Por Bruno Carbinatto 6 mar 2023, 19h35 | Atualizado em 6 mar 2023, 19h43
-
 (Caroline Aranha/Fotos: Getty Images/VOCÊ S/A)
Continua após publicidade

Foi um voo e tanto. As ações da Azul (AZUL4) decolaram incríveis 38% nesta segunda-feira, levando no bagageiro também a Gol, que saltou impressionantes 24%, e a CVC, +19%. 

Um combo de notícias beneficiou as ações das aéreas e de turismo. A primeira veio ainda ontem, quando a Azul anunciou que firmou acordo de renegociação de dívidas com arrendadores que, juntos, representam mais de 90% do seu passivo de arrendamento.

A novidade veio como uma brisa de ar fresco para a empresa, que já vinha estudando há algum tempo maneiras de lidar com suas dívidas acumuladas referentes ao aluguel de aeronaves. O alto endividamento é um dos fatores que o mercado vinha mantendo no radar quanto ao setor das aéreas.

Segundo o Estadão, o total de dívidas aos arredondadores para 2023 soma R$ 3,8 bilhões, sendo R$ 3,2 bi do aluguel anual das aeronaves mais R$ 600 milhões que eram para ter sido pagos, mas foram adiados por conta da pandemia.
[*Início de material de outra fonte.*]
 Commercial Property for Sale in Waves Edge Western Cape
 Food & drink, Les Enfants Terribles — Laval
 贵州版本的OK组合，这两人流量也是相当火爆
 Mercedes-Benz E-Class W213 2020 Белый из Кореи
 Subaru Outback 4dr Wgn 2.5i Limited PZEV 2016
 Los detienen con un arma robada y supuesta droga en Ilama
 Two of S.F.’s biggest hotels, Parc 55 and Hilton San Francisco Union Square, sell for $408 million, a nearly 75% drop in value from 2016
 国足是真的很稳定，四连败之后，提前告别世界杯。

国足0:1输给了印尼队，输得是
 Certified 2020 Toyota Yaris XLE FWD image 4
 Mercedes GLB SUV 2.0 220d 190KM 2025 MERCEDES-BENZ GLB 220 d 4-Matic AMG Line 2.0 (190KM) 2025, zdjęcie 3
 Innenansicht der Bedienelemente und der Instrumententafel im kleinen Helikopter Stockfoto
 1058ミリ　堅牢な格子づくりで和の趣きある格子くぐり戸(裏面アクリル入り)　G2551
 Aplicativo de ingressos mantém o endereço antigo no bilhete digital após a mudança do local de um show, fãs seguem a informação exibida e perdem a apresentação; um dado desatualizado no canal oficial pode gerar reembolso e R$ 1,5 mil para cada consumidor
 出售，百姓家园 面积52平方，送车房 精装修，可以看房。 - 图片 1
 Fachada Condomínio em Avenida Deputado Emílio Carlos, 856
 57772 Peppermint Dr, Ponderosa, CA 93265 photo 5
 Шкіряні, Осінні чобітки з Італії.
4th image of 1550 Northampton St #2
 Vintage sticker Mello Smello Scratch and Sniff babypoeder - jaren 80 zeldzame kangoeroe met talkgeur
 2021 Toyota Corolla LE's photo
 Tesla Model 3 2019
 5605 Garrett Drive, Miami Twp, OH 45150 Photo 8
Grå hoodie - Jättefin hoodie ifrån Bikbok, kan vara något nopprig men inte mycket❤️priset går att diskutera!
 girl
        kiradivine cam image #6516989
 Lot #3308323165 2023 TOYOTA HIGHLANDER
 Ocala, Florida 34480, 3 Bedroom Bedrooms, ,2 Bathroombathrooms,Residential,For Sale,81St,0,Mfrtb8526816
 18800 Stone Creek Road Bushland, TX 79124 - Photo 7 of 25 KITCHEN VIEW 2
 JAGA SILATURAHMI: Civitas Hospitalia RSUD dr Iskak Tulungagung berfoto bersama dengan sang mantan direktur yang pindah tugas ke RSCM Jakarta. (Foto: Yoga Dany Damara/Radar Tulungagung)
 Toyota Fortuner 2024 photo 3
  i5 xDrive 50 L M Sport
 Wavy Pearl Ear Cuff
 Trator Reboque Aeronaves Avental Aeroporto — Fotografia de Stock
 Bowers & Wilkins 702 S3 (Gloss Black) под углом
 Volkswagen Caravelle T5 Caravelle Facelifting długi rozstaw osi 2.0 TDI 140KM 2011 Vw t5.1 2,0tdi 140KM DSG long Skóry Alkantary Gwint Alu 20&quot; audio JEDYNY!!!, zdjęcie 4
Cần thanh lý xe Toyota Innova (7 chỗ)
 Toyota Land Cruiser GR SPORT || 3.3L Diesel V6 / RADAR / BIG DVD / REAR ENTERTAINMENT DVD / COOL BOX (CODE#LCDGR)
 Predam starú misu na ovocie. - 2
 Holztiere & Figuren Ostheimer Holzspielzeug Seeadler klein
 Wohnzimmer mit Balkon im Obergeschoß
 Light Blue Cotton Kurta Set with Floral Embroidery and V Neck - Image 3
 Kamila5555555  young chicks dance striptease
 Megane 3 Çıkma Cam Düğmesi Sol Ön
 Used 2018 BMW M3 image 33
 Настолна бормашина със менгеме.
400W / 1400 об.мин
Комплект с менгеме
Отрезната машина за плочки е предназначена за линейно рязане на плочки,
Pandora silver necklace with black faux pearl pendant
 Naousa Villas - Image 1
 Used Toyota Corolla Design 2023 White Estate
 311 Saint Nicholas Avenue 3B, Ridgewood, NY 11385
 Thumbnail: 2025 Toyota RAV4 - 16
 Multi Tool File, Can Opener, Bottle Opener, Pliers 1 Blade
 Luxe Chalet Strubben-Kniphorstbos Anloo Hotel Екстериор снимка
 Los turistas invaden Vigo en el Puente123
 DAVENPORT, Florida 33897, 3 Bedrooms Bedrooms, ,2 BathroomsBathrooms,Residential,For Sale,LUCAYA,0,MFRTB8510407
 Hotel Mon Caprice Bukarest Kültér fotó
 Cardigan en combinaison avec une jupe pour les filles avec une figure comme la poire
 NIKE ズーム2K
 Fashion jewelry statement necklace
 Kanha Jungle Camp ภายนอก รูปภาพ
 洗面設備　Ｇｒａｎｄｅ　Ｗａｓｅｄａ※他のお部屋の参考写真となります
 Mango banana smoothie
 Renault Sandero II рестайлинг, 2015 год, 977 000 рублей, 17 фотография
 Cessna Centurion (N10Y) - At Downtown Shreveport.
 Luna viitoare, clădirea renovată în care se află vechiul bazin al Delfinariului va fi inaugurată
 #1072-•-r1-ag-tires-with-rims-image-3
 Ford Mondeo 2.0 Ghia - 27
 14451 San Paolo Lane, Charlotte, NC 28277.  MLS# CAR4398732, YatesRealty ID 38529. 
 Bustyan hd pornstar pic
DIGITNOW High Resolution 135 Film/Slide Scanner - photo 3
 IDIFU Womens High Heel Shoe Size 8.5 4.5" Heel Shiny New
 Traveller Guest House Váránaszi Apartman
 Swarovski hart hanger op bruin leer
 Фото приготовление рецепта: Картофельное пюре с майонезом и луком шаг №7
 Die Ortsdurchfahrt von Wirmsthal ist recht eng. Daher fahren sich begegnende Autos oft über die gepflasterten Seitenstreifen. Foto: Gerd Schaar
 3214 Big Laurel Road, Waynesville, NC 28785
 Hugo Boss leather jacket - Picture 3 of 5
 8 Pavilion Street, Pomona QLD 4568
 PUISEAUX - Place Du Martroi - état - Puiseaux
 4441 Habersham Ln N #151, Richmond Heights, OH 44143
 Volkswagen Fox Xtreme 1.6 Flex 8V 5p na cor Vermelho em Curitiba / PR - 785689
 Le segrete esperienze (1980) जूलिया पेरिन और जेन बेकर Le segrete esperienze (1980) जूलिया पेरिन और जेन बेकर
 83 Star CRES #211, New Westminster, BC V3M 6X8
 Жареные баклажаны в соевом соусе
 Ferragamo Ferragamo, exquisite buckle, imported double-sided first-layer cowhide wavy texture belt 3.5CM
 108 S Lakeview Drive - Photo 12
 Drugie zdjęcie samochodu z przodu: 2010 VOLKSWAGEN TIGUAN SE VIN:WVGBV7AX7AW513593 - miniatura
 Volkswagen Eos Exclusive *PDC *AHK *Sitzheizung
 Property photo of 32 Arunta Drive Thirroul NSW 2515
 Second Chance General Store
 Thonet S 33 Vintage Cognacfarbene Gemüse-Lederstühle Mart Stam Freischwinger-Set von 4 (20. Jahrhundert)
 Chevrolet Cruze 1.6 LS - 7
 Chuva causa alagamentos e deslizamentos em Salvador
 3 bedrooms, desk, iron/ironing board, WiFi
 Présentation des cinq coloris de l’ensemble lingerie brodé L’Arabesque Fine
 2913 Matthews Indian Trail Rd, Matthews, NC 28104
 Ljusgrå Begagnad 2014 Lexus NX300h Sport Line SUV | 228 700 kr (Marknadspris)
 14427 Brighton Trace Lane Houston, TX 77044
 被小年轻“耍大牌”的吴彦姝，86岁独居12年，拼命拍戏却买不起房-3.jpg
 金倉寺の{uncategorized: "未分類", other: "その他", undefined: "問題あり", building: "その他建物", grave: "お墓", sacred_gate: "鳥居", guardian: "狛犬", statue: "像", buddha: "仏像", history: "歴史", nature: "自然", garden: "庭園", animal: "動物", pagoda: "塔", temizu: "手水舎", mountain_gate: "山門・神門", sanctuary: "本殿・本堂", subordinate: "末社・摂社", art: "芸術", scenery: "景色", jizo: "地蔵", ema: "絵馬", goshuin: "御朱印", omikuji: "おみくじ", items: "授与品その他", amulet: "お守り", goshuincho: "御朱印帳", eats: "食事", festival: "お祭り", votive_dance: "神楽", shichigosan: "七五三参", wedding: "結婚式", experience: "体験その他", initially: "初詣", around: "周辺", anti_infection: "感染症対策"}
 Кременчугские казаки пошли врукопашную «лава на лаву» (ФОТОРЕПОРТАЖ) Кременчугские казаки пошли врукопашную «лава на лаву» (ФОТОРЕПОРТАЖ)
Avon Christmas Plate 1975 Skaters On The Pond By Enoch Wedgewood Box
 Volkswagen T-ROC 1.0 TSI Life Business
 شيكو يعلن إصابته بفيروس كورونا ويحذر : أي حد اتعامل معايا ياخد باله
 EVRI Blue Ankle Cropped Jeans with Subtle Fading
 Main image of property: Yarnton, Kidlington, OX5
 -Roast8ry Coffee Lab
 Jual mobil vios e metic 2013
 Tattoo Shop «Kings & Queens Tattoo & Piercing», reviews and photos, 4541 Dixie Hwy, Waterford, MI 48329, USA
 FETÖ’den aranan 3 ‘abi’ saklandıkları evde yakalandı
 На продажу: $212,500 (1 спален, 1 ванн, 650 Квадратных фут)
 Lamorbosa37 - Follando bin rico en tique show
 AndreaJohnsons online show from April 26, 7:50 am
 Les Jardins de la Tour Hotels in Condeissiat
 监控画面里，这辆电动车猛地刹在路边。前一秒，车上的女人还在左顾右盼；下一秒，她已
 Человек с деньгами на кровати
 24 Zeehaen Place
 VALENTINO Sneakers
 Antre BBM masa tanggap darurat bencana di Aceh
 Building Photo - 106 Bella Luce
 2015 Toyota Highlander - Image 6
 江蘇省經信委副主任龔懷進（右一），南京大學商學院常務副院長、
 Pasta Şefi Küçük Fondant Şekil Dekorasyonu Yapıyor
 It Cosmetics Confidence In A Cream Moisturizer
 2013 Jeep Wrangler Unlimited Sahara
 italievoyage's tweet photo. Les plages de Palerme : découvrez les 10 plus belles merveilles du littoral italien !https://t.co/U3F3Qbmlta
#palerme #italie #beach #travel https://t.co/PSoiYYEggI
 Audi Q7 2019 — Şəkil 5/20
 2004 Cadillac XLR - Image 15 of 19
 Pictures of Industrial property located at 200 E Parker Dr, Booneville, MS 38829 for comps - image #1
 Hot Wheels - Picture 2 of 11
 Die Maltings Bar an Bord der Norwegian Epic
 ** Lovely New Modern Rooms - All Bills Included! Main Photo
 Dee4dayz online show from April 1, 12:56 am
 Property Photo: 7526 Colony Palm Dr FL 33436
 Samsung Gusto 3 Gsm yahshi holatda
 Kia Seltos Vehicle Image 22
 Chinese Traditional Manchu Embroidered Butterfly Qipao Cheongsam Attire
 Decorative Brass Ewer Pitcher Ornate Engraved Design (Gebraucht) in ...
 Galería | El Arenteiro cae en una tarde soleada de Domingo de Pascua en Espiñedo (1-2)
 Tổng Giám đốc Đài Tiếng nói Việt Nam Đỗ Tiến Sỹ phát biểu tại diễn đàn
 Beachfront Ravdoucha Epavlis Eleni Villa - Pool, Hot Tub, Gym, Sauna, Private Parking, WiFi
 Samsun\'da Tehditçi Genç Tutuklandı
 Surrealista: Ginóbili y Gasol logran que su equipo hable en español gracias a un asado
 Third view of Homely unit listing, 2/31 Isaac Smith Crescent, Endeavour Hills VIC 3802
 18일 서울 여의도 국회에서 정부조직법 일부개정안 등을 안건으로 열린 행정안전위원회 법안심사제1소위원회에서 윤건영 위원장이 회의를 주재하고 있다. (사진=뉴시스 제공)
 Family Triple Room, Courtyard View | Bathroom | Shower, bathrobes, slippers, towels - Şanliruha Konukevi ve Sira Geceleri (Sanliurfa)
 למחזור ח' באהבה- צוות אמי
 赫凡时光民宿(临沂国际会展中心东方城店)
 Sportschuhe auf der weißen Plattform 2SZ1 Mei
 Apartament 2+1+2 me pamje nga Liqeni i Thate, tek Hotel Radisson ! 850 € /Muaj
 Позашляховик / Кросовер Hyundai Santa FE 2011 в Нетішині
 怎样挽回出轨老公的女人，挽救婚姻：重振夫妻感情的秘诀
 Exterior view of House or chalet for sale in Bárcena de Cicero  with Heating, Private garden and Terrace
Do total da dívida bruta da empresa, o arrendamento de aeronaves corresponde a 80%.

Na renegociação fechada agora, os arrendadores diminuirão o pagamento do aluguel e, em troca, receberão ações da empresa e títulos de dívida que vencerão em 2030. 

Em nota, a Azul afirmou que os acordos fazem parte de “um plano abrangente que visa fortalecer a geração de caixa da Azul e melhorar a estrutura de capital”.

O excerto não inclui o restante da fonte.